Zootopia (2016)

La trama seguía a un joven que por accidente viajaba en el tiempo a la década de los cincuenta. Una vez ahí –para asegurar su futura existencia– debía propiciar el encuentro amoroso de sus padres, y de paso inventar el rock and roll frente a un público atónito de adolescentes que por primera vez en sus vidas escuchaban la alucinante guitarra de Johnny B. Goode. Dudo haber entendido una décima parte de aquella trama a mis tres años de edad, pero había conocido por primera vez el cine y poco más importaba.

Esa escena de mi infancia es lo primero que me viene a la mente tras ver Zootopia –la nueva cinta animada de Disney que dentro de poco rebasará la frontera de los mil millones de dólares recaudados en taquilla– mas no por aquel sentimiento epifánico del niño que comienza a descubrir el cine y todo lo que en él habita, sino por la noción de que el motor de las cintas infantiles de hace poco más de dos décadas era el entretenimiento, y el de hoy –cada vez con mayor frecuencia– es el adoctrinamiento.

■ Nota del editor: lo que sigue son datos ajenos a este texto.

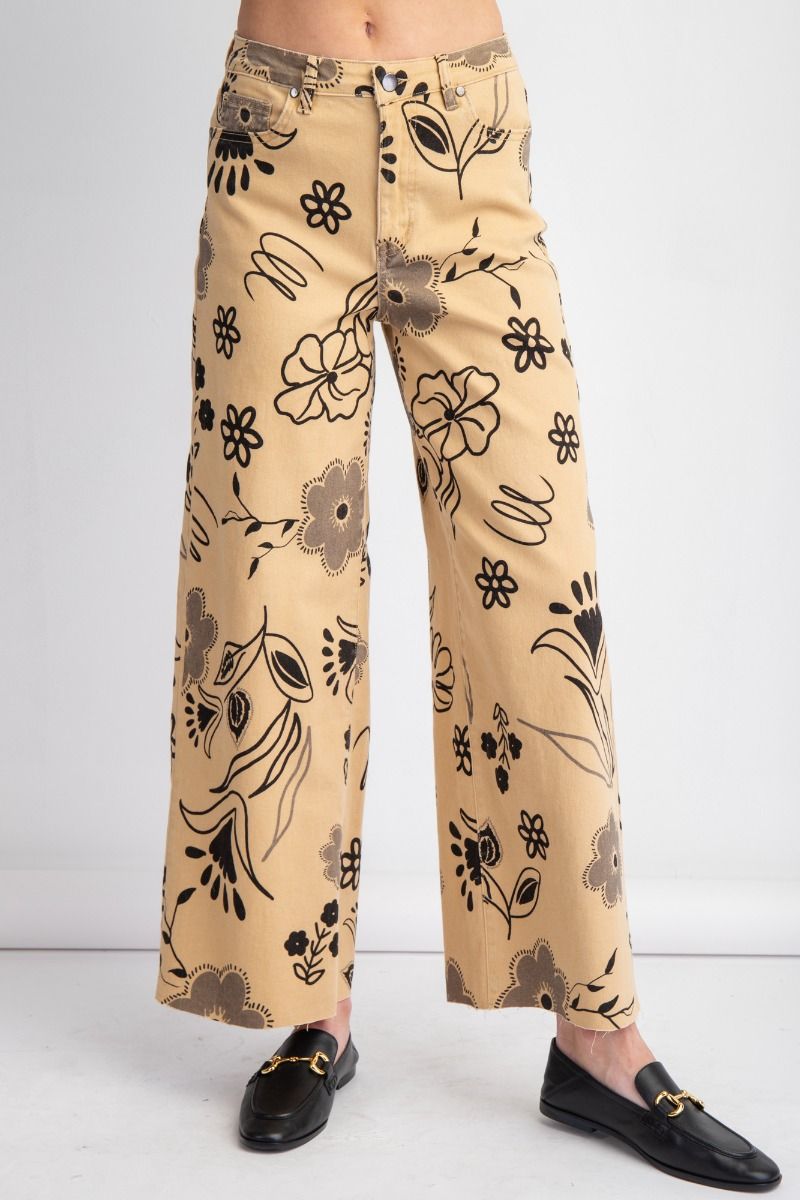 Ladies Floral Printed Washed Twill Wide Pants by Easel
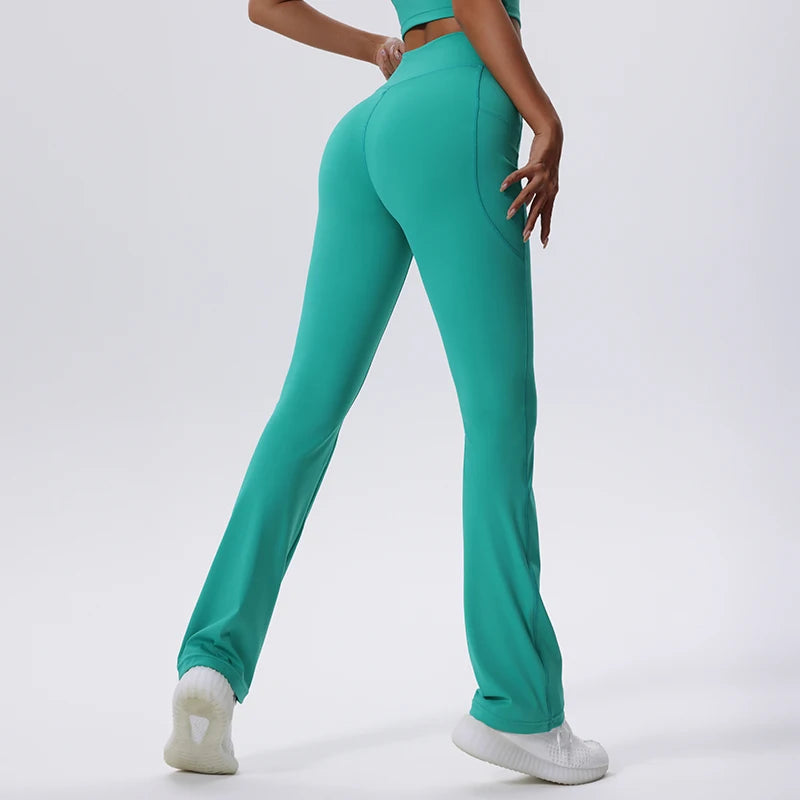 Women'S Yoga Pants Bell-Bottoms Seamless Push up Dance High Waist Tights Sport Pants Gym Running Breathable Fitness Leggings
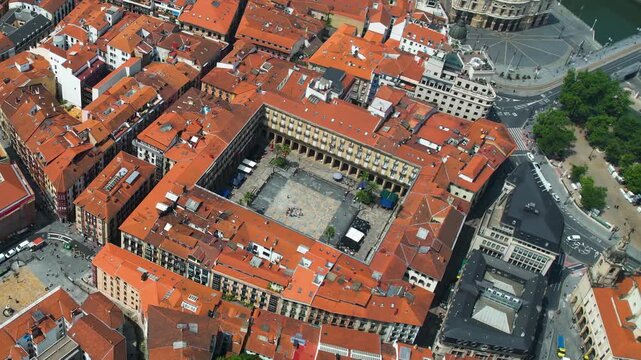 Aerial view of the old town of the city Bilbao on a sunny summer noon in Spain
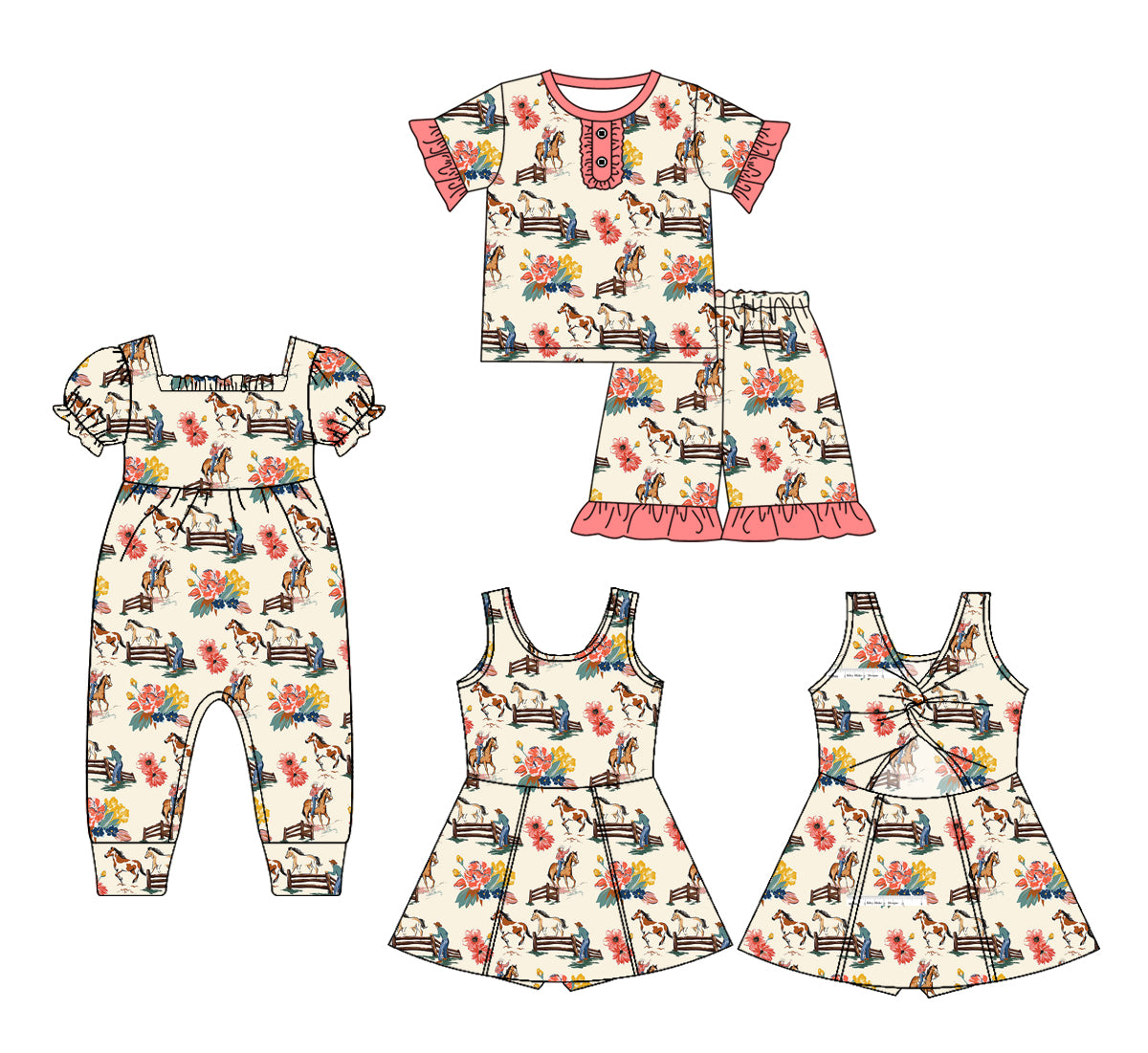 1.20 custom each style moq 5eta 4-6week Sibling Sisters horse floral baby girl short sleeve shorts sets and dress and rompers match family design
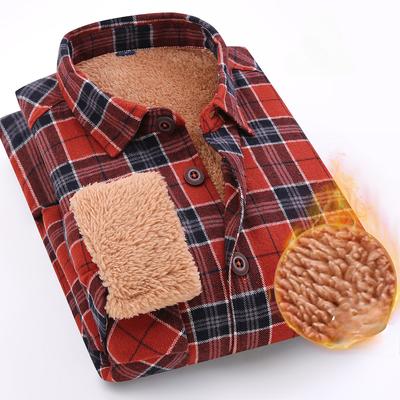 Camicia in cotone autunno/inverno tendenza plaid in lana di agnello spessa calda per uomo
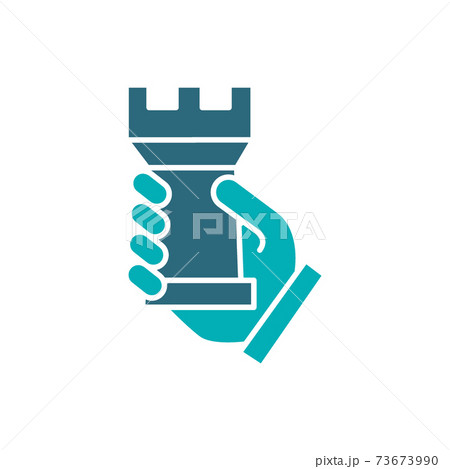 Human holding rook chess colored icon. Board game, table entertainment symbol Human holding rook chess colored icon. Board game, table entertainment symbol 73673990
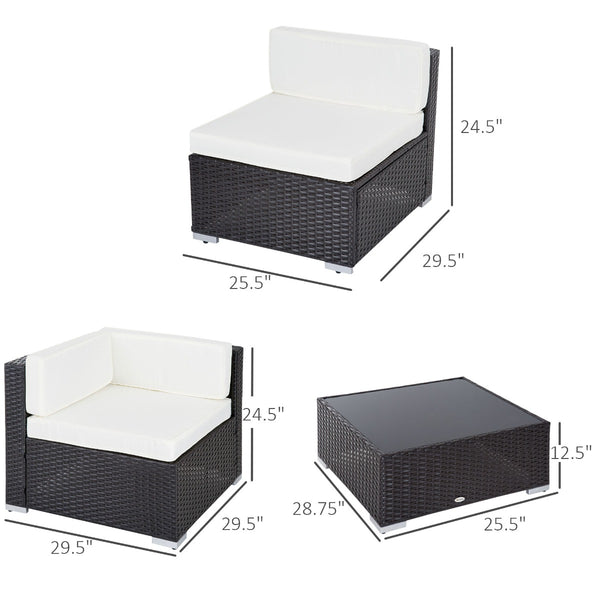 7-piece Woven Rattan Garden Furniture Set with Coffee Table and Cushions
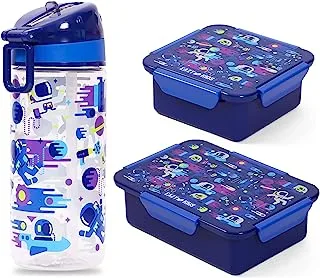 Eazy Kids Lunch Box Set and Tritan Water Bottle w/Carry handle, Astronauts - Blue, 420ml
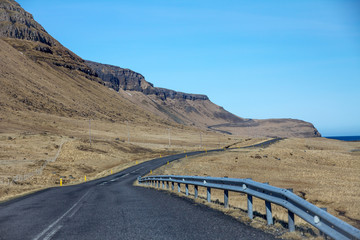 Driving a quiet road around Snaefellsnes Peninsula, Iceland
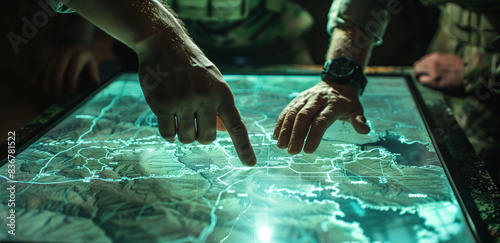 Military Intelligence Personnel Analyzing Tactical Map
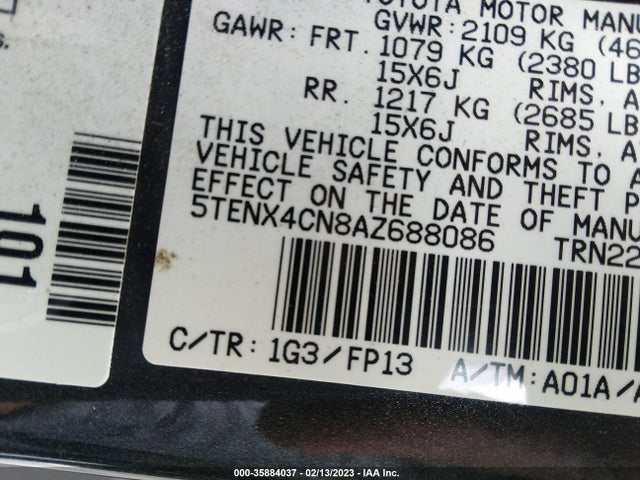 Toyota Tacoma 2010 5TENX4CN8AZ688086 Image 10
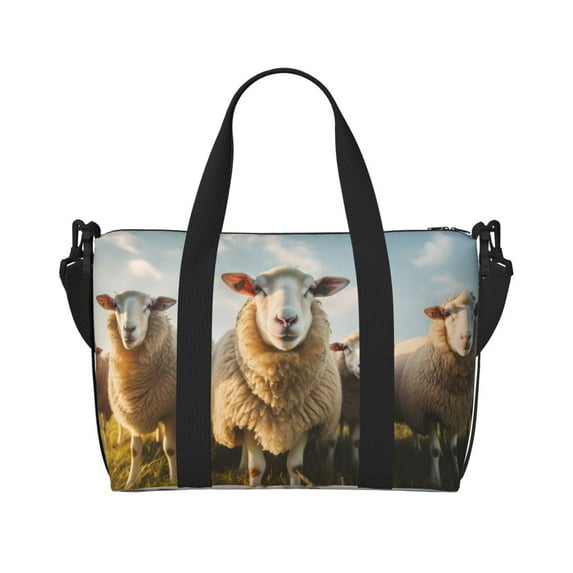 Travel Duffel Bag, Cute Prairie Sheep Herd Waterproof Carry On Overnight Tote Bags for Women/Men, Shoulder Weekender Gym Bag for Travel, Yoga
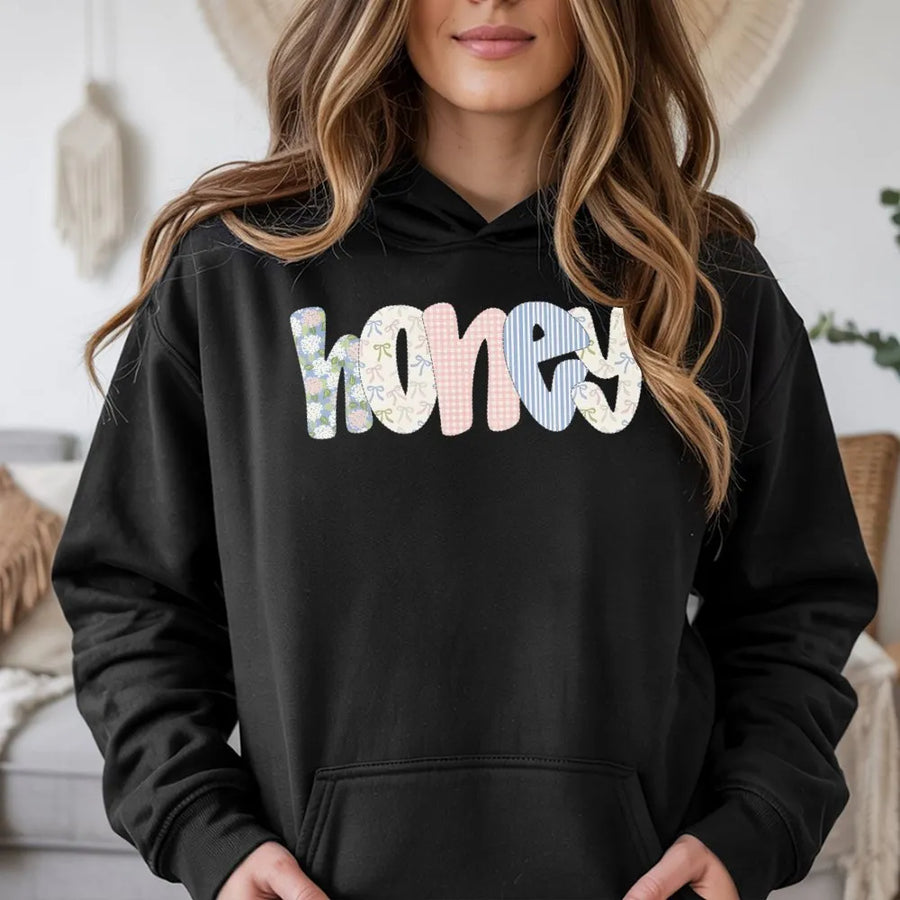 Coquette Honey Hoodie | Preppy Floral Bow Patchwork Graphic | Soft Cotton Blend | Aesthetic Spring Gift for Her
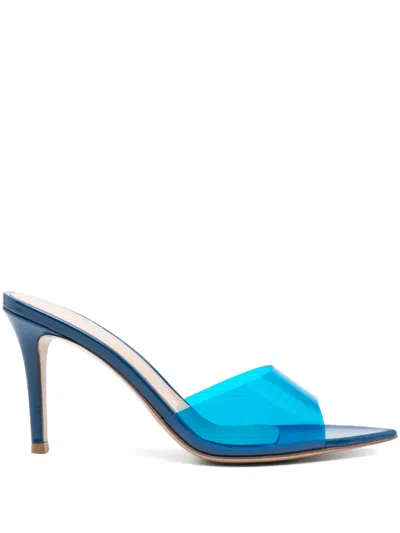 Gianvito Rossi 85mm Elle Mules In Blue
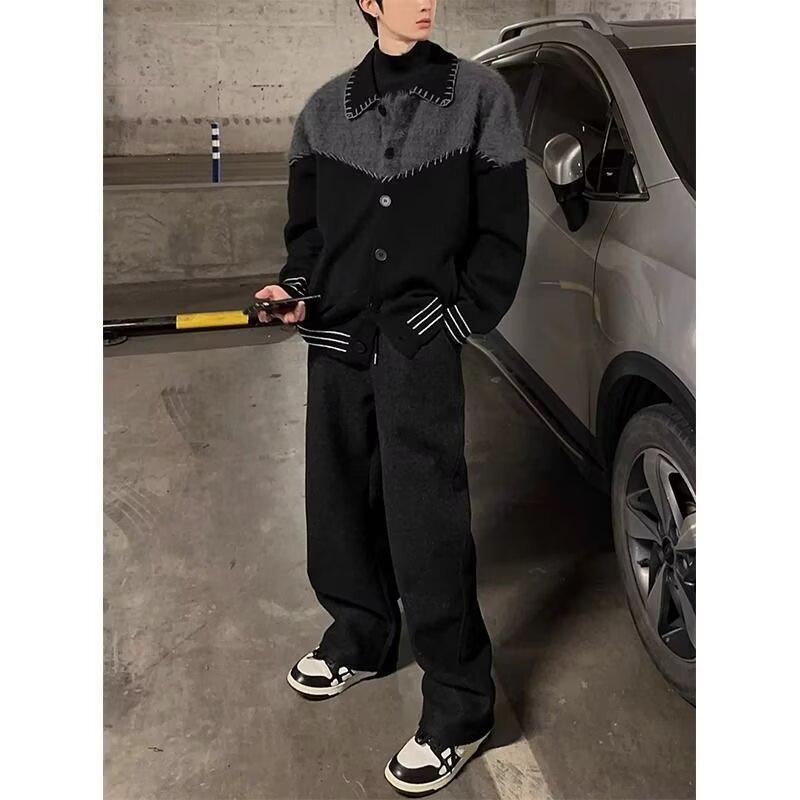

Men s Korean Color Block Patchwork Plush Knit Cardigan - Simple, High-End, Loose Fit Sweater 2XL чорний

Ese adoctrinamiento no es exclusivo del cine del siglo XXI, no hace falta mas que recordar la estructura clásica de las fábulas, con sus siempre presentes enseñanzas morales y sus códigos básicos para convivir en sociedad, sin embargo resulta cada vez más notable el deseo del cine infantil contemporáneo por adaptar a los nuevos usuarios del mundo a un régimen profundamente cimentado en la noción de lo políticamente correcto.

Zootopia es un perfecto ejemplo de lo anterior: el relato narra las aventuras de una conejita inmersa en un mundo donde los animales han evolucionado de tal forma que ahora han aprendido a convivir en sociedades civilizadas –obviemos las necesidades proteínicas de los animales carnívoros y sigamos adelante–. El punto es que, a pesar de los avances sociales de los animales, cuyo epicentro es una gran metrópolis llamada Zootopia, la discriminación entre depredadores y presas sigue existiendo, situación que funge como motivador del papel de la protagonista: una coneja que desea ser oficial de policía a pesar de ser un trabajo no apto para un animal de presa.

La trama del filme es ágil y está plagada de personajes divertidos e incluso entrañables –véanse las secuencias de la musaraña Corleone– lo que convierte a la película en una pieza inteligente de cine para niños, que se atreve incluso a jugar con un par de giros argumentales que rompen con el esquema puramente lineal del cine de corte infantil clásico. Sin embargo, el halo adoctrinante es evidente y reiterativo a lo largo de todo el metraje: las tramas infantiles del siglo XXI cada vez se alejan más de la dicotomía del bien contra el mal encarnado en un villano arquetípico, para combatir al mal encarnado ahora en la noción de discriminación y derrotado a través de la equidad. Los nuevos héroes son los paladines de esa máxima –linda pero falaz– que reza que “sin importar quién seas, o de dónde vengas, tú puedes ser lo que quieras ser”. No digo que esté mal, es tan solo una señal interesante de los tiempos que ahora nos tocará vivir.